- Title: Al-Baladhuri

Personal life
- Died: 892 or 893 Baghdad, Abbasid Caliphate
- Era: Islamic golden age (Abbasid Era)
- Region: Mesopotamia
- Main interest: History
- Notable work(s): Kitab Futuh al-Buldan and Ansab al-Ashraf

Religious life
- Religion: Islam
- Jurisprudence: Sunni

= Al-Baladhuri =

Abbasid-era Muslim historian (820–892)

ʾAḥmad ibn Yaḥyā ibn Jābir al-Balādhurī (أحمد بن يحيى بن جابر البلاذري; died 892 or 893) was a 9th-century Muslim historian. A West Asian historians, he spent most of his life in Baghdad and was at the court of the caliph al-Mutawakkil. He travelled in Syria and Iraq, compiling information for his major works.

His name is also found in the variant forms Ahmad Bin Yahya Bin Jabir Al-Baladhuri, Balazry Ahmad Bin Yahya Bin Jabir Abul Hasan and Abi al-Hassan Baladhuri.

==Biography==
Ibn Nadim said Al Baladhuri was Persian. Some scholars have said that he was of Arab descent and he spent most of his life in Baghdad. Baladhuri spoke Persian and translated Middle Persian works to Arabic. Masudi refers to one of his works in which he refutes non-Arab nationalism Shu'ubiyya.

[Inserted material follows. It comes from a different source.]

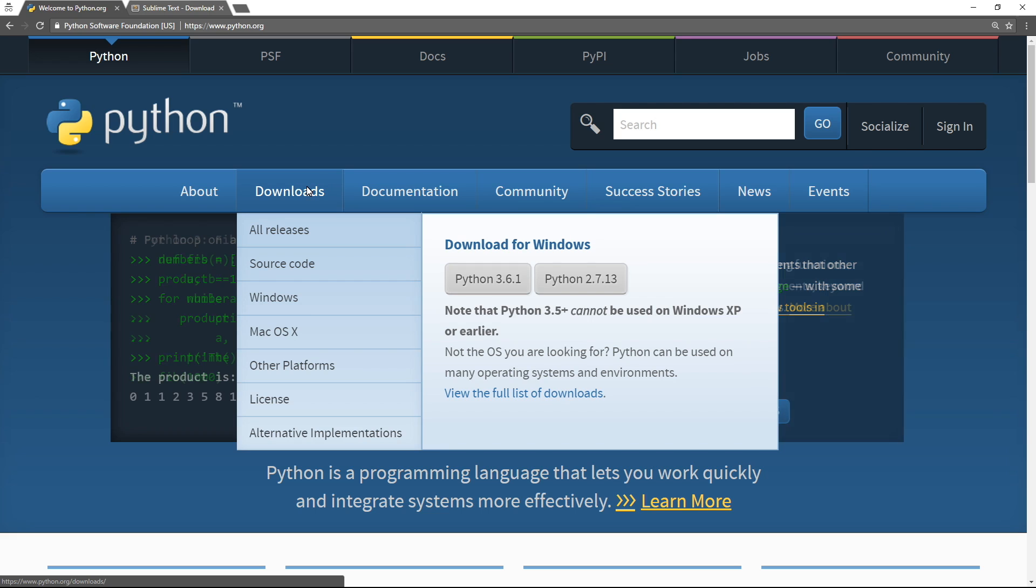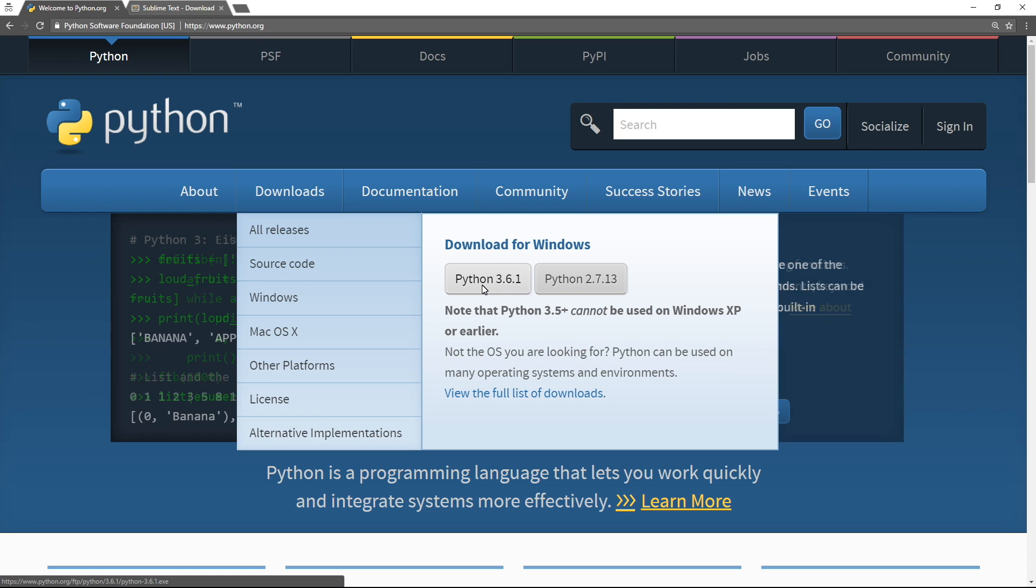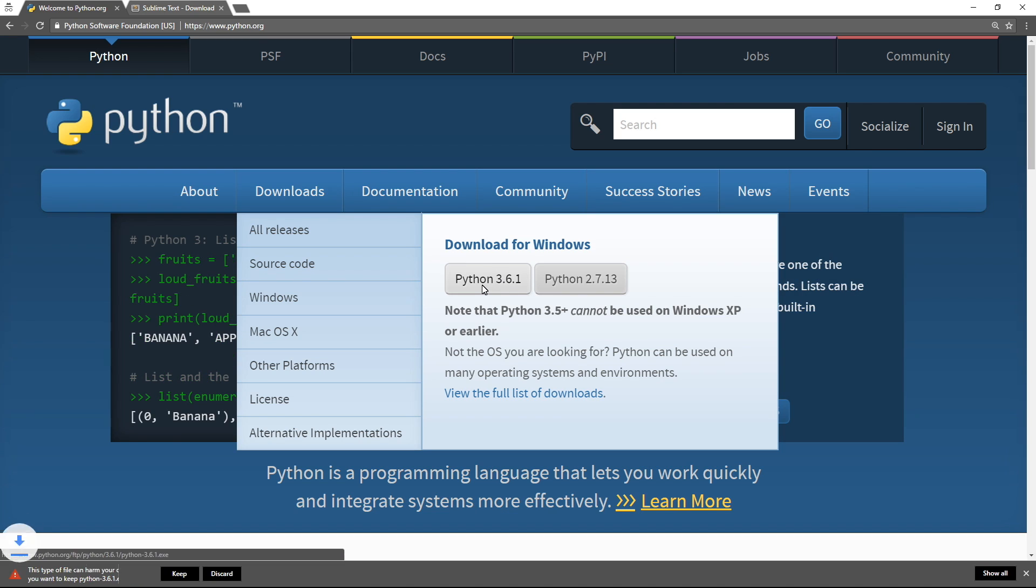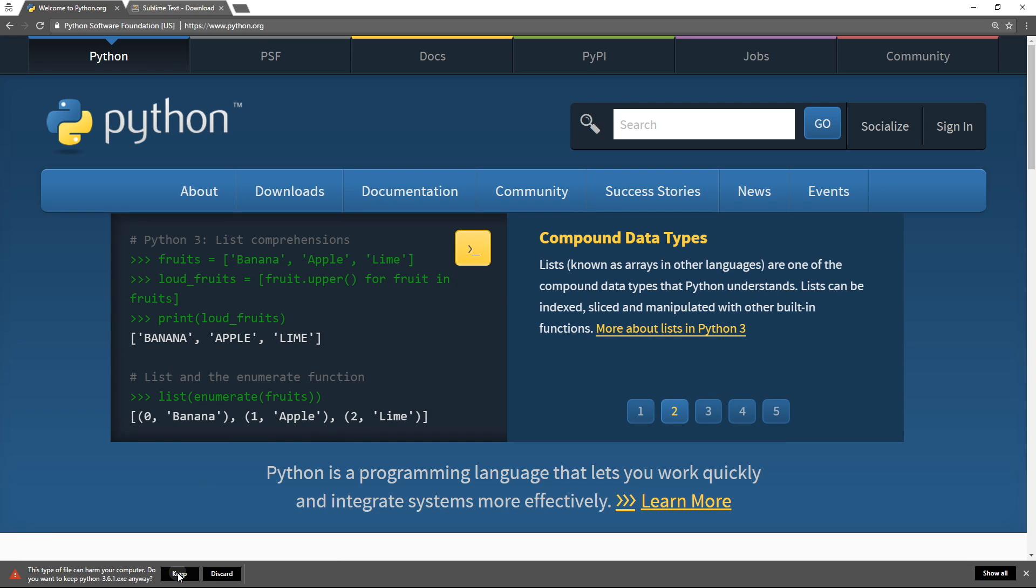That said, all you need to do is go to downloads and choose the latest version of Python 3, so in our case that's 3.6.1. We can go ahead and keep this file and the download is going to start.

He lived at the court of the caliphs al-Mutawakkil and Al-Musta'in and was tutor to the son of al-Mutazz. He died in 892 as the result of a drug called baladhur (hence his name). (Baladhur is Semecarpus anacardium, known as the "marking nut"; medieval Arabic and Jewish writers describe it as a memory-enhancer).

==Works==

His chief extant work, a condensation of a longer history, is Kitab Futuh al-Buldan (فتوح البلدان), "Book of the Conquests of Lands", which tells of the 7th-century wars and conquests of the Arabs, and the terms made with the residents of the conquered territories. It covers the conquests of lands from Arabia west to Egypt, North Africa, and Spain, and east to Iraq, Iran, and Sind. An English translation in two volumes by Phillip Hitti (1916) and Francis Clark Murgotten (1924) was published as The Origins of the Islamic State.

Al-Baladhuri's history, in turn, was much used by later writers. Ansab al-Ashraf (أنساب الأشراف, "Lineage of the Nobles"), also extant, is a biographical work in genealogical order devoted to the Arab aristocracy, from Muhammad and his contemporaries to the Umayyad and Abbāsid caliphs. It contains histories of the reigns of rulers.

His discussions of the rise and fall of powerful dynasties provide a political moral. His commentaries on methodology are sparse, other than assertions of accuracy.